AI Assistant enhances digital experience at the University of Auckland
7 October 2025
By thoughtfully adopting artificial intelligence across operations, the University is setting a new standard in digital experience, earning international recognition for its customer-centric AI Assistant.

Waipapa Taumata Rau, University of Auckland, has emerged as an early adopter of artificial intelligence (AI) in Aotearoa New Zealand, weaving the technology into teaching, research and operations. While pioneering any new technology requires experimentation, the University’s approach to AI implementation has been careful, considered, and collaborative.
It’s involved staff from across the University collaborating with each other, and with trusted partners with subject matter expertise. The result has been the creation of solutions that have been internationally recognised as best practise.
The University of Auckland was recently named the recipient of an award for operational excellence in information technology in recognition of its AI Assistant. The assistant provides 24/7 answers to University-related queries for students, staff and the public. The award was given by the Council of Australasian University Directors of Information Technology (CAUDIT), which brings together University and Research Institutions from across Australasia and the South Pacific.
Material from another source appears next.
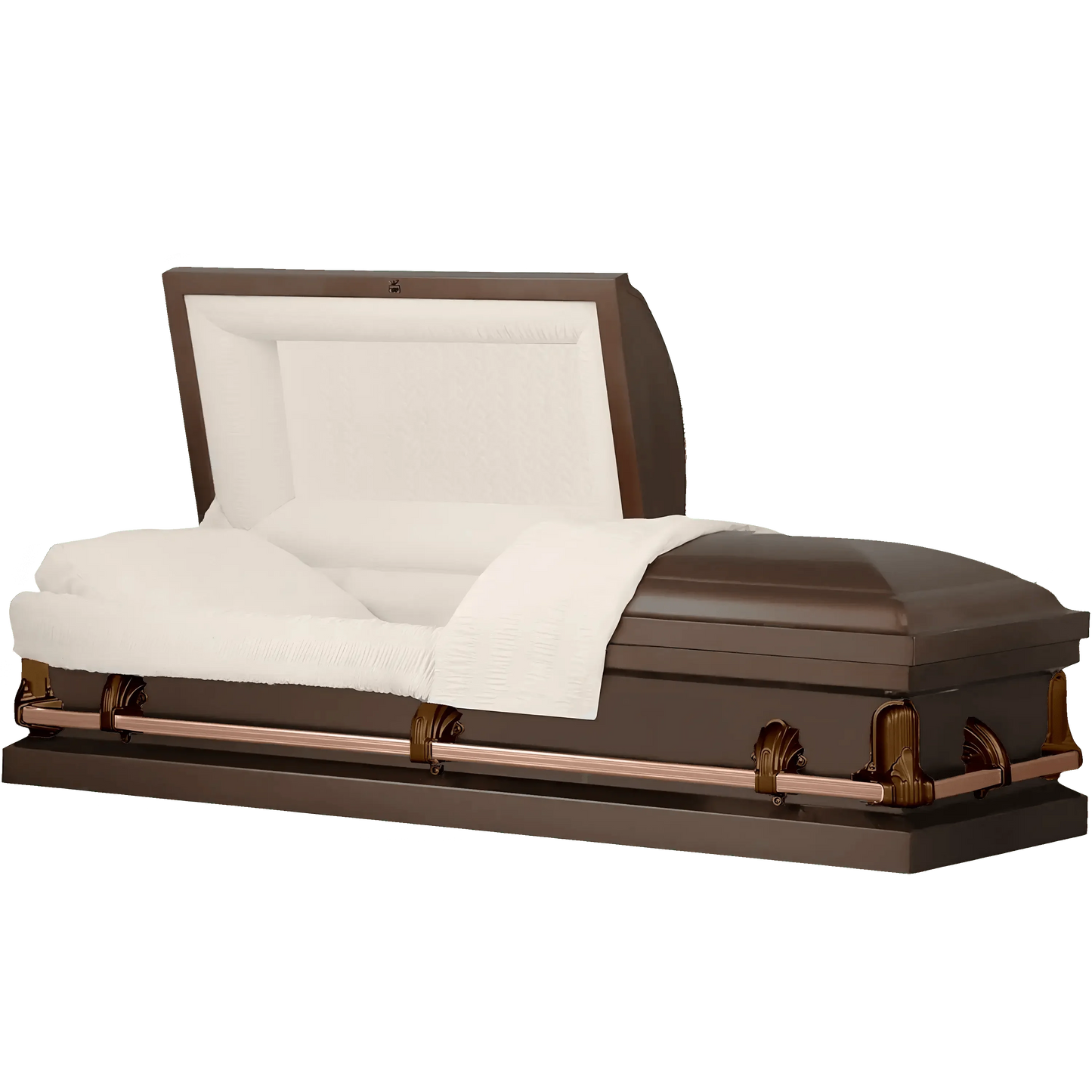 Andover Series | Bronze Steel Casket with Rosetan Interior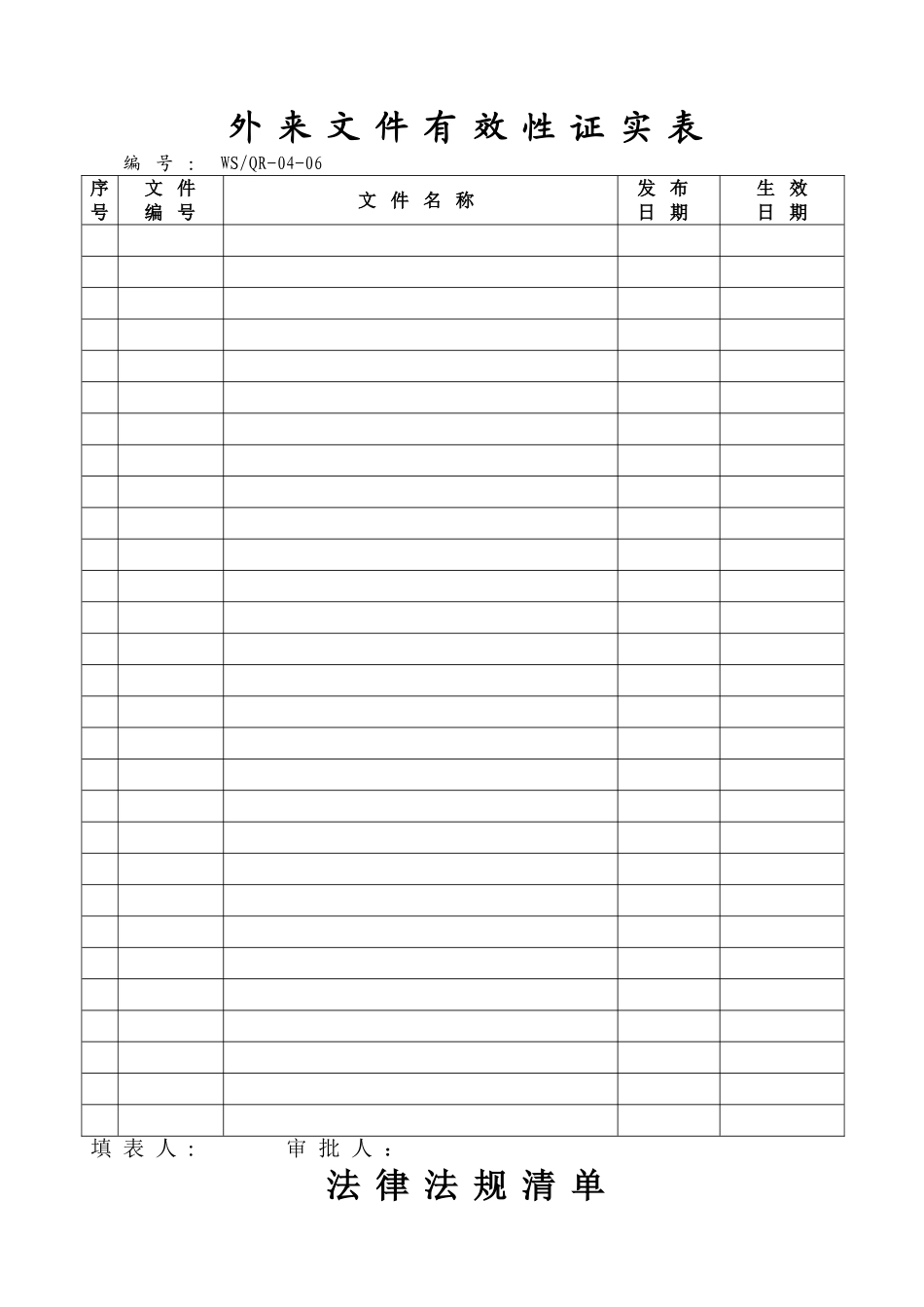 ISO9001表格(全套)_第3页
Without any formal promotion, the assistant now facilitates over 9,000 conversations and 60,000 searches each month, initiated by users from around the world and in multiple languages. The University is now seeing more interactions through the AI Assistant than incoming phone calls.
In developing its chatbot, the University’s Enterprise AI team addressed problems head on. They wanted customers to be able to quickly and easily find the information they needed to navigate the University.
The Enterprise AI team aimed to address common digital experience challenges, such as fragmented information spread across 90+ University digital domains. Previously, many users were forced to email or phone for answers during business hours, which isn’t always convenient or the best experience for a digital-native generation. Recent studies have noted the rise in Gen Z of telephobia – fear or anxiety around making and receiving telephone calls.
The solution? A retrieval-augmented generation (RAG) assistant powered by expansive, up-to-date University knowledge. It offers accurate, conversational responses, making it easier for users to navigate the University on their own terms.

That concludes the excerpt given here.